Nanotubes make perfect diodes
Aug 18, 2005
A physicist has made the best ever p-n junction diode from a carbon nanotube. The current-voltage characteristics of the device exhibit an "ideality factor" of one, which is the maximum possible value for any diode. The new diode could have applications in electronics, sensors and photovoltaics (Appl. Phys. Lett. 87 073101).
The feature sizes in conventional microelectronic circuits are getting smaller and smaller and look set to reach the limit imposed by the fundamental properties of silicon in a decade or so. The semiconducting properties of carbon nanotubes - rolled up sheets of graphite just nanometres in diameter - make them a promising alternative to silicon, and nanotubes have already been used to fabricate a variety of electronic components, including diodes and field-effect transistors.

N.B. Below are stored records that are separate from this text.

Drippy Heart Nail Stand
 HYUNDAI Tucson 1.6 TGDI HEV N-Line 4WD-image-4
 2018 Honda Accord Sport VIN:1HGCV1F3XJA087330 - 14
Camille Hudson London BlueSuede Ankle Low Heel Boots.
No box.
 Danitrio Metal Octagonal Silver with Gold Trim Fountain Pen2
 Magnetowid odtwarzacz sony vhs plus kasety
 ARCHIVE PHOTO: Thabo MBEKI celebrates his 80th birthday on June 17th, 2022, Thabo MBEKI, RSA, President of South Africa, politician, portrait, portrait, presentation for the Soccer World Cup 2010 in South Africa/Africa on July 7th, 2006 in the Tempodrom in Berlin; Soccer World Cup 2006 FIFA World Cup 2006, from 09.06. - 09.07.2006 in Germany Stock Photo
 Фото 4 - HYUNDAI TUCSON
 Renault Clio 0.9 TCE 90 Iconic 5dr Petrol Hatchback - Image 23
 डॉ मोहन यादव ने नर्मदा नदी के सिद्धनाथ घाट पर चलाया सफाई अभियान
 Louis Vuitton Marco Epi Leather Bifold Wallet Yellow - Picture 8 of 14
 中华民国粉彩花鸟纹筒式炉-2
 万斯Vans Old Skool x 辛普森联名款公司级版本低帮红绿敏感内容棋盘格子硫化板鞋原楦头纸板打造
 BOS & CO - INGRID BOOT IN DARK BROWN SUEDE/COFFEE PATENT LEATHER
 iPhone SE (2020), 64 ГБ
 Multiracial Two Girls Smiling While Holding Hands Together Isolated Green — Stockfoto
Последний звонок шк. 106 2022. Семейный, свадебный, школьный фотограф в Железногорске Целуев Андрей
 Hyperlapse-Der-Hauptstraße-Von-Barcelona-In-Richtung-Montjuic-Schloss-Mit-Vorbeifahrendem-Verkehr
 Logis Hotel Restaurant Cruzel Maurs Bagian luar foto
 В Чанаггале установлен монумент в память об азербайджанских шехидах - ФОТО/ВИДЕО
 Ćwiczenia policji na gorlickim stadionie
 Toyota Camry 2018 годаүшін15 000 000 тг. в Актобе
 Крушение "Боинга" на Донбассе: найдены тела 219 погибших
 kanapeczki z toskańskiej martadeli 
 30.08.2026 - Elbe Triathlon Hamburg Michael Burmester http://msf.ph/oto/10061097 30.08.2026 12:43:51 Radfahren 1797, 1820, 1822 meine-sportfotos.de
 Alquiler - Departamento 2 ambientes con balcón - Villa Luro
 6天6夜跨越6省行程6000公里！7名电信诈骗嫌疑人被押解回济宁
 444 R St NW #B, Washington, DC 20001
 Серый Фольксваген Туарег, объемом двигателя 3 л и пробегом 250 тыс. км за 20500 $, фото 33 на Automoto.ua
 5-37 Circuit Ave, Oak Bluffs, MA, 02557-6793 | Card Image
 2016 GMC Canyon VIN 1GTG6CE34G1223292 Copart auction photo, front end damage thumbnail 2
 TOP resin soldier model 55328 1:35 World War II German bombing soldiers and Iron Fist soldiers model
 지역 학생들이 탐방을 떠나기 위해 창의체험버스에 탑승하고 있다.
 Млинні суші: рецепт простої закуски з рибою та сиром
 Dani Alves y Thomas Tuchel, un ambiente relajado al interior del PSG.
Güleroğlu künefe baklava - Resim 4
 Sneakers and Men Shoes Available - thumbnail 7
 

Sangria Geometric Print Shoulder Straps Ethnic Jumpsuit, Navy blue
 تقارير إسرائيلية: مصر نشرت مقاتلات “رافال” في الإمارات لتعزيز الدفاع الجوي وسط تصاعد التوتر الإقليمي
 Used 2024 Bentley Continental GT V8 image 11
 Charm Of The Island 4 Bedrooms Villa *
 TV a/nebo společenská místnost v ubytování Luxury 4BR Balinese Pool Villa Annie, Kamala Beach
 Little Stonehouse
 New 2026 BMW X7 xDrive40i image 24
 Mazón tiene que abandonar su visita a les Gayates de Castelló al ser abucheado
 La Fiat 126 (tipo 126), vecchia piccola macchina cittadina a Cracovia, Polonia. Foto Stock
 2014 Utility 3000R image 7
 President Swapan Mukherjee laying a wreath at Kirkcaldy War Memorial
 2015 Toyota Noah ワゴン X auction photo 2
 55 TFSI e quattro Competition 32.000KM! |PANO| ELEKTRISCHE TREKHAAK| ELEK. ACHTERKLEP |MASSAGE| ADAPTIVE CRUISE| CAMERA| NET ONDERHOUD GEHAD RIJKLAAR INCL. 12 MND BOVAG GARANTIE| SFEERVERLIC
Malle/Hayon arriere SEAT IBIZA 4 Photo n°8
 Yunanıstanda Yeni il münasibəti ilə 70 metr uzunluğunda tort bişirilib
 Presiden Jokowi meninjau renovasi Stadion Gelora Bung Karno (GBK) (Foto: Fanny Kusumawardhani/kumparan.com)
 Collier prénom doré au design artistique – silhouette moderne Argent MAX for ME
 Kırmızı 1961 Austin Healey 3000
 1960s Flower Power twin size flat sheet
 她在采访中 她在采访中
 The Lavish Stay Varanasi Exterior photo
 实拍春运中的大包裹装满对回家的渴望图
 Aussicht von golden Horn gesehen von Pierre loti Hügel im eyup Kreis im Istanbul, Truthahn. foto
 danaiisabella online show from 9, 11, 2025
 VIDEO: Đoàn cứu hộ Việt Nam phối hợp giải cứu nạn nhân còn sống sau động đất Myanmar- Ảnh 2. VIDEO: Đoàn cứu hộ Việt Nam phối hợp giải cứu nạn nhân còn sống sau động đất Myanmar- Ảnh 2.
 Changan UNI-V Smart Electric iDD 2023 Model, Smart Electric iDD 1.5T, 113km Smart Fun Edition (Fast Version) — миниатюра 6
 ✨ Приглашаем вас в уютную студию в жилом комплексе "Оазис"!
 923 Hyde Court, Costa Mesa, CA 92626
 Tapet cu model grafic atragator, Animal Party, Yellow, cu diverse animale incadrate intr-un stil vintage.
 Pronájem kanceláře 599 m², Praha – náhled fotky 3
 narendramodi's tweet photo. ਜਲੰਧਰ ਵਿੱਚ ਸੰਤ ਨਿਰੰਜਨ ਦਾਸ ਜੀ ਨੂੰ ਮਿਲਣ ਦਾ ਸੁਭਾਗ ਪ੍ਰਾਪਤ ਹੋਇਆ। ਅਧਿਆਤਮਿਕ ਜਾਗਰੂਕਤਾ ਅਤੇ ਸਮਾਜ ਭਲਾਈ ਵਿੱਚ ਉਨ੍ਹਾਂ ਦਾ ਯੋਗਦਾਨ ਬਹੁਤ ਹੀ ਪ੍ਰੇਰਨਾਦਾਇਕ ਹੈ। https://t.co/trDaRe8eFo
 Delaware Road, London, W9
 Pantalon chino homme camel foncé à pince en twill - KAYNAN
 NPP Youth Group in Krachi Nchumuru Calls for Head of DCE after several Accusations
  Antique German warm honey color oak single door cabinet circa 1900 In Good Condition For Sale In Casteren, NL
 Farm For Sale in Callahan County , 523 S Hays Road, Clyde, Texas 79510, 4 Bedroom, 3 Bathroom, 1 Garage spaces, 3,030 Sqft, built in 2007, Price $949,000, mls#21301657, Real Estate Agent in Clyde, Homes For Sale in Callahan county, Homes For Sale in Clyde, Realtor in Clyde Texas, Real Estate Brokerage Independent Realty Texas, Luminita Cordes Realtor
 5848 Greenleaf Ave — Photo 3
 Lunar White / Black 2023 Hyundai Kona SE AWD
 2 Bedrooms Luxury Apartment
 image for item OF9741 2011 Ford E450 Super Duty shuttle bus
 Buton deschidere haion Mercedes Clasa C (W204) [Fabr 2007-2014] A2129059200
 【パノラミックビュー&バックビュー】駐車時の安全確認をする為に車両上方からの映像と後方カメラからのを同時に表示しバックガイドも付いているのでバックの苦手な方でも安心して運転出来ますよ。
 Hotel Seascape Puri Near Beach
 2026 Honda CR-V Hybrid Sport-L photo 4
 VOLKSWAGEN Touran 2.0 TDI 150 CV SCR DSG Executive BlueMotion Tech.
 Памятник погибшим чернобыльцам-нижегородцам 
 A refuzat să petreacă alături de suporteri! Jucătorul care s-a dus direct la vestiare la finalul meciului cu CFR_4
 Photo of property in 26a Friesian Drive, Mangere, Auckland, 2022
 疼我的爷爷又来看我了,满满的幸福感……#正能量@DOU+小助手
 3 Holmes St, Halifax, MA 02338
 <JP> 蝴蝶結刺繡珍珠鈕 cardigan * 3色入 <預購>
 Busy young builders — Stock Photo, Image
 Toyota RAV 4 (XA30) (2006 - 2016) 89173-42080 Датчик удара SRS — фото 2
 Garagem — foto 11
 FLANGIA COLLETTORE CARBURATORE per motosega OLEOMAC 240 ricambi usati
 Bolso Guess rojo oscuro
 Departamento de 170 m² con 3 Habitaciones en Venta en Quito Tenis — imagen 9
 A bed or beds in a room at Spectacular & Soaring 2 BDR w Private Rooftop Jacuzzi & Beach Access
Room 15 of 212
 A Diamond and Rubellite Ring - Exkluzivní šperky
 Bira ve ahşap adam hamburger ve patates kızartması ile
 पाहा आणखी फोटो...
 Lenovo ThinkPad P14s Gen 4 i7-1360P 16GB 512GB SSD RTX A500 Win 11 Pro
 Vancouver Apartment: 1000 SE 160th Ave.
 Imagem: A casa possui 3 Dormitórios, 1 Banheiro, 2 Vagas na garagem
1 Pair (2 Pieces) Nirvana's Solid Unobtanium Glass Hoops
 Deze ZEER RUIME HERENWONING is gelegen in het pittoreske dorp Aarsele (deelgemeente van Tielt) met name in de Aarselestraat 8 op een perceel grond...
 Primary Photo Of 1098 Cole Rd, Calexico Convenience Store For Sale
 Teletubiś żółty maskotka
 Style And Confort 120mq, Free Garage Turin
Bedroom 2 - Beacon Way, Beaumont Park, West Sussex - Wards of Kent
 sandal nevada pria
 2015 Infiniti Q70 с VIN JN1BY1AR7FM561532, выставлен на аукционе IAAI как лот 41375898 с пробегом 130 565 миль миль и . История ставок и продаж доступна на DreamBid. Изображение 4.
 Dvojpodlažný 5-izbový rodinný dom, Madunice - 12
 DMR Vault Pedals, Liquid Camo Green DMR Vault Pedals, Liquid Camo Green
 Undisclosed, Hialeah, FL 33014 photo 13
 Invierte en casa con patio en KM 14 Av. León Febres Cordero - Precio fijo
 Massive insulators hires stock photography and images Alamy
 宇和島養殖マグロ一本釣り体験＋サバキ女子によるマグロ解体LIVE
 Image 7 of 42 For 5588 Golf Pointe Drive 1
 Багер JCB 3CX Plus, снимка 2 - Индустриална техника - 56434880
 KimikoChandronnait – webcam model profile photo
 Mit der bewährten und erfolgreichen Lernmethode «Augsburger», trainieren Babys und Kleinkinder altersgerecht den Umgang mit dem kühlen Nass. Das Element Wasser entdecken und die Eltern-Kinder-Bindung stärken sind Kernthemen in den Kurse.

Diodes are fundamental semiconductor devices that form the basic building blocks of many electronic devices, such as transistors and light-emitting diodes (LEDs). A diode is normally made by joining a p-type semiconducting material -- which has been doped with impurities to add extra "holes" -- to an n-type semiconductor that has an excess of electrons. However, it is almost impossible to do this in a carbon nanotube.
Last year, Ji Ung Lee of GE Global Research in New York solved this problem by using an electric field to create the p and n regions instead. He placed two separate gates underneath a single-walled nanotube so that one gate coupled to one half of the nanotube and the other gated coupled to the other half. By biasing one gate with a negative voltage and the other with a positive voltage, he created a p-n junction that behaved as an almost ideal diode.
Lee made his device using standard optical lithography techniques and placed the carbon nanotube on top of a silicon dioxide substrate, which acted as the gate dielectric. Now, he has transformed this structure into an ideal diode by simply suspending the nanotube across two silicon dioxide slabs (see figure). According to Lee, the nanotube no longer interacts with the surface on which it rests which means that extra states that can lower the device's performance are not created. It may also be possible to make the diode operate as an LED.
"My results are not only a direct confirmation of the structural purity of single-walled nanotubes but a strong affirmation of their potential as electronic materials," says Lee. He now plans to further investigate the optical properties of the nanotubes and make a photodetector.